Hidden Figures was mispronounced twice at the awards show -- once by NBC News correspondent Jenna Bush Hager on the red carpet and again by presenter Michael Keaton on the Golden Globes stage, who both mistakenly called the movie "Hidden Fences."
"We don't all look alike," Mahershala Ali joked with ET's Kevin Frazier, insinuating that people may have been confusing Hidden Figures with Fences.
"Shout-out to just these movies being made," said Janelle Monae, who stars in both Moonlight and Hidden Figures. "I think Fences was an incredible film. Hidden Figures is an incredible film. It's a story about true American heroes.
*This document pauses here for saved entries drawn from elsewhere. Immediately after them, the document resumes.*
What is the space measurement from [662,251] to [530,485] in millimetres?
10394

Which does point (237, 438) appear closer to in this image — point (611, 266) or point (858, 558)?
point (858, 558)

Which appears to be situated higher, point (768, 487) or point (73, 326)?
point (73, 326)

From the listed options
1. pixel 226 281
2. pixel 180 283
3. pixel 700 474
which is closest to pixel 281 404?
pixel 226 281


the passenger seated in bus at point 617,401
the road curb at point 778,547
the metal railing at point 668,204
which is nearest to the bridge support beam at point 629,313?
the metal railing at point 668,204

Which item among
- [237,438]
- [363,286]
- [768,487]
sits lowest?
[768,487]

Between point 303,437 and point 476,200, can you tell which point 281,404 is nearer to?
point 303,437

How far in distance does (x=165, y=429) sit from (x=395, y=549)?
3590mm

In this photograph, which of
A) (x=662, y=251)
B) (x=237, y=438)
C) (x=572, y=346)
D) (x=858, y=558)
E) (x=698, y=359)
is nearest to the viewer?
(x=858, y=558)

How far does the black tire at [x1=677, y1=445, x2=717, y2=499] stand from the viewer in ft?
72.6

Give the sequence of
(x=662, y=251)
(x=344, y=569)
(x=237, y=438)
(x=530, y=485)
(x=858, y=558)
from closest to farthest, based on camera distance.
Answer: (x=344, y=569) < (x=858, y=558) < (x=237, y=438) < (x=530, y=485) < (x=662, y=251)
These women are African-American mathematicians, and got our first American astronauts into space, and they will be hidden no more, so I'm happy for inclusion in Hollywood."
It didn't take long for #HiddenFences to become a trending topic on Twitter, with fans and celebrities alike contributing to the hashtag.
"You know who stars in #HiddenFences ... Garcelle Ashanti Brandy Sanaa Bring It On Union," Gabrielle Union quipped, expressing her disappointment.
On Monday morning, Hager fought back tears on Today as she apologized for her snafu, which occurred during an interview with Pharrell Williams, one of the producers on Hidden Figures.
"I've interviewed casts from both of the movies, and if I offended people, I am deeply sorry," she said. "It was a mistake, because y'all know I am not perfect. I am authentic, but a human. And what I didn't want to do is make anybody feel lesser than who they are."
Backstage on Sunday, Monae quickly shook off the flubs. Moonlight marked her big screen debut, and she dished to ET about how comfortable the cast made her on set.
"It felt like family," she said. "I was nervous as hell. It was my first film. I studied acting and I was a theatre kid, but coming and filming … I was a little nervous. I just remember [Ali] pulling me to the side and just being like, 'Listen, there's no such thing as a mistake. As long as you're leading with honesty, truthfulness, you are on the right path and every decision is the right path.' So that helped. It helped us have that confidence and just excitement to come in every day."
Writer and director Barry Jenkins admitted he's just happy people came to see his work.
"It was just affirmation of 'You know what? I can do this,'" Jenkins said. "And when I do it in a way that's very truthful and authentic and these folks come on board and do it with me, we can do whatever is in our hearts, and somebody is going to receive it."